To override the default command:
docker run my-curl-image curl https://example.com
Adding an Application File
Most real images include application files. Add a script to the image using COPY:
FROM ubuntu:22.04
RUN apt-get update && apt-get install -y curl
COPY fetch.sh /usr/local/bin/fetch.sh
RUN chmod +x /usr/local/bin/fetch.sh
CMD ["/usr/local/bin/fetch.sh"]
Create fetch.sh in the same directory as the Dockerfile:
#!/bin/bash
curl -s https://example.com | head -5
COPY fetch.sh /usr/local/bin/fetch.sh copies the file from the build context (the . directory on the host) into the image at the specified path.
Build and run:
docker build -t my-fetch-image .
docker run my-fetch-image
How Layers Work During Build
Each instruction that modifies the filesystem adds a layer. The layers are stacked from bottom to top. Docker caches each layer — if a layer's instruction and inputs have not changed since the last build, Docker reuses the cached layer instead of re-executing the step. This makes rebuilds fast when only later instructions change.
Layer Caching in Practice
If you modify fetch.sh and rebuild, Docker reuses the cached layers for FROM and RUN apt-get install, then re-executes only the COPY and RUN chmod steps, because those are the first steps affected by the change.

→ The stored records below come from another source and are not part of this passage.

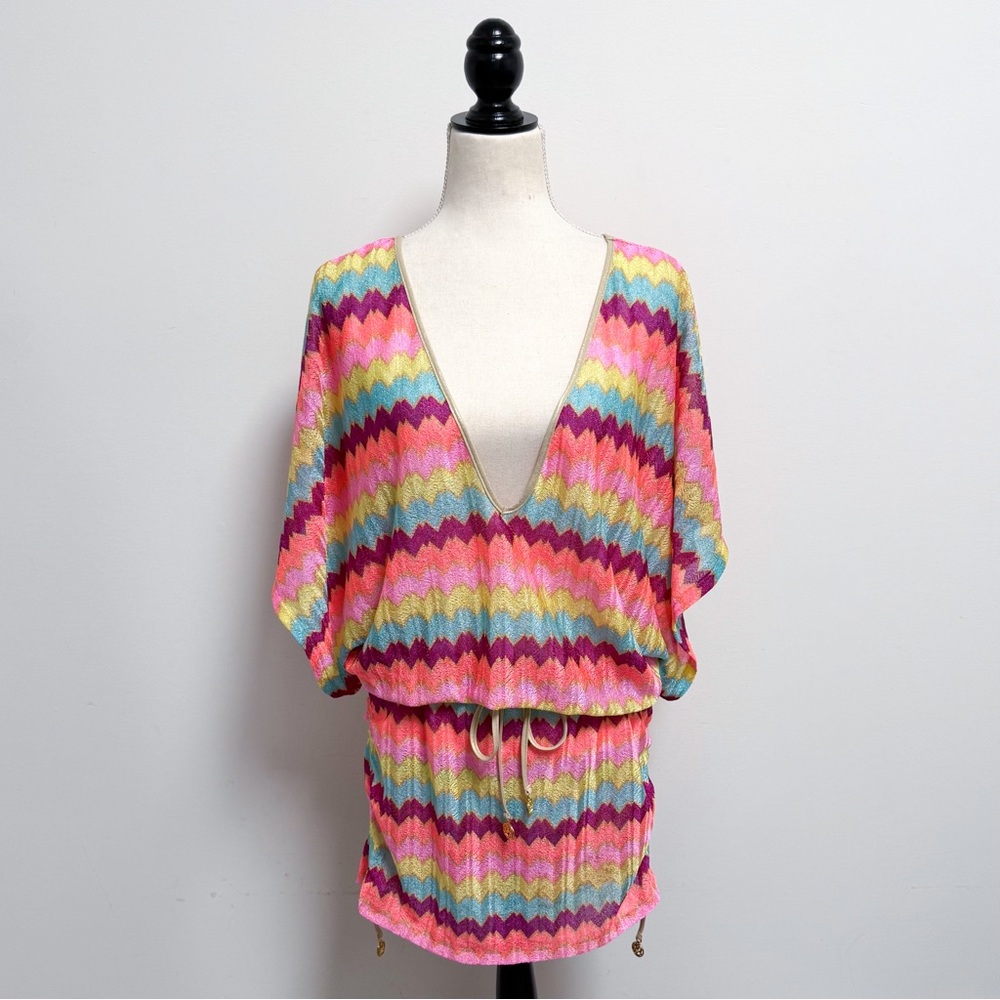 Luli Fama Cabana Chevron V Neck Kimono Short Sleeve Blouson Mini Coverup Dress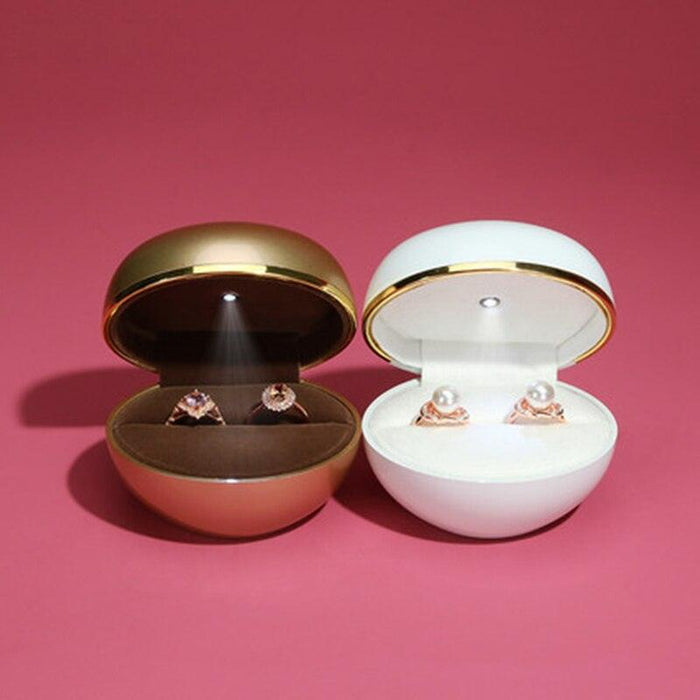 Illuminate Your Jewelry Collection with our Elegant Egg-Shaped LED Ring Box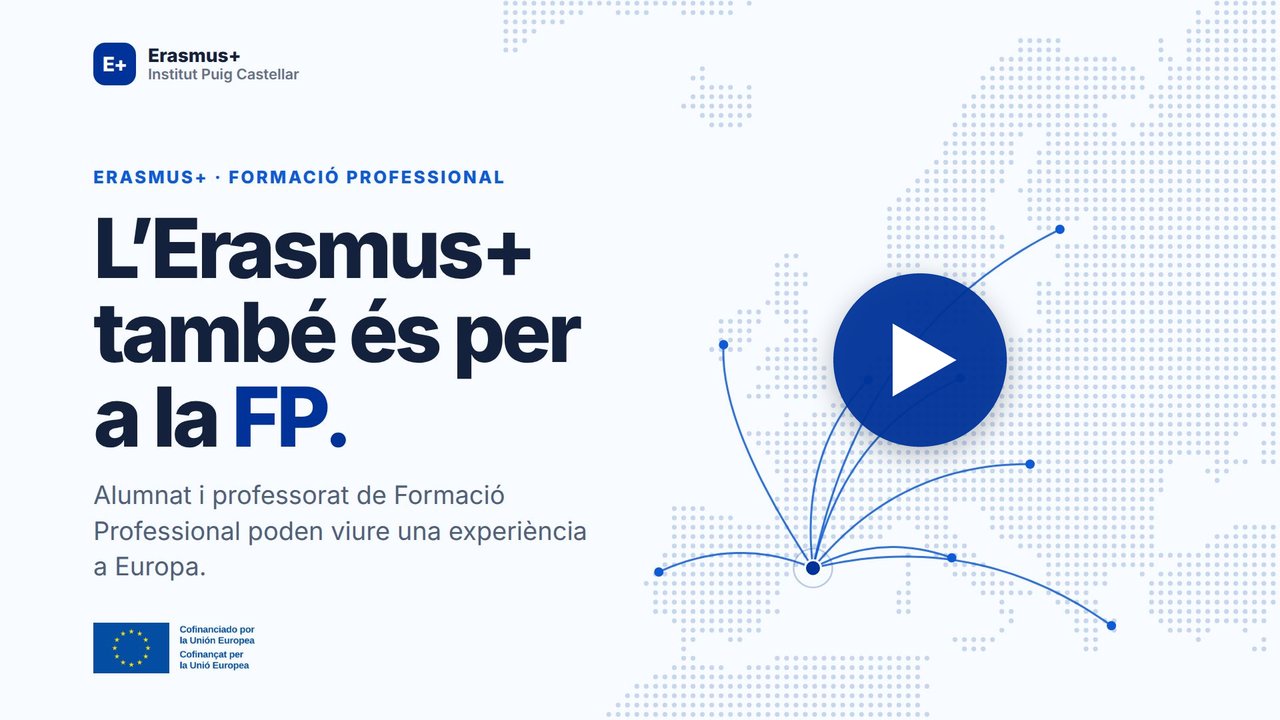 Mira el vídeo «L'Erasmus+ també és per a la FP» (s'obre a YouTube)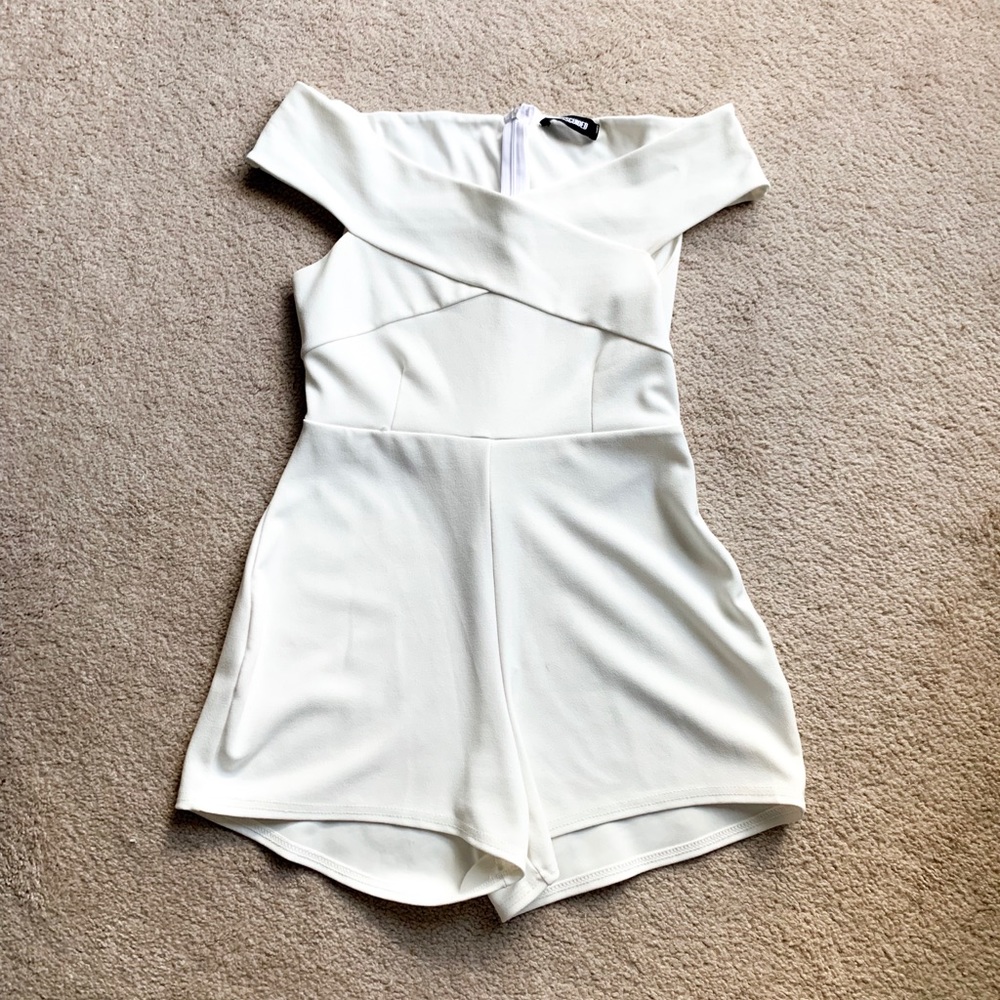 Missguided Off-Shoulder Cream Dress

If you change the RUN apt-get install instruction, Docker invalidates that layer and all layers after it, rebuilding from that point forward.
Tagging with a Version
You can apply multiple tags to the same image:
docker build -t my-fetch-image:1.0 .
docker build -t my-fetch-image:latest .
Or tag an existing image:
docker tag my-fetch-image:1.0 my-fetch-image:stable
Inspecting the Image
docker image inspect my-fetch-image
This outputs a JSON object with the image's configuration: the layers, the environment variables, the entrypoint, the command, the OS and architecture, and the creation timestamp.
To see the layer history:
docker history my-fetch-image
IMAGE CREATED CREATED BY SIZE
a1b2c3d4e5f6 1 minute ago /bin/sh -c chmod +x /usr/local/bin/... 0B
b2c3d4e5f6a1 1 minute ago /bin/sh -c #(nop) COPY file:... 52B
c3d4e5f6a1b2 2 minutes ago /bin/sh -c apt-get update && apt-get... 74.2MB
789abc012def 3 weeks ago /bin/sh -c #(nop) CMD ["bash"] 0B
Each row corresponds to a layer. The size column shows how much each layer adds to the image.
Removing the Image
docker rmi my-fetch-image
If containers based on the image are still running or stopped, Docker refuses to remove it. Remove containers first:
docker rm <container_id>
docker rmi my-fetch-image
The .dockerignore File
The build context (.) is sent entirely to the Docker daemon. If the directory contains large files or sensitive data that should not be included, create a .dockerignore file:
node_modules
*.log
.env
.git
Entries in .dockerignore are excluded from the build context before it is sent to the daemon, which reduces build time and prevents unintended files from entering the image.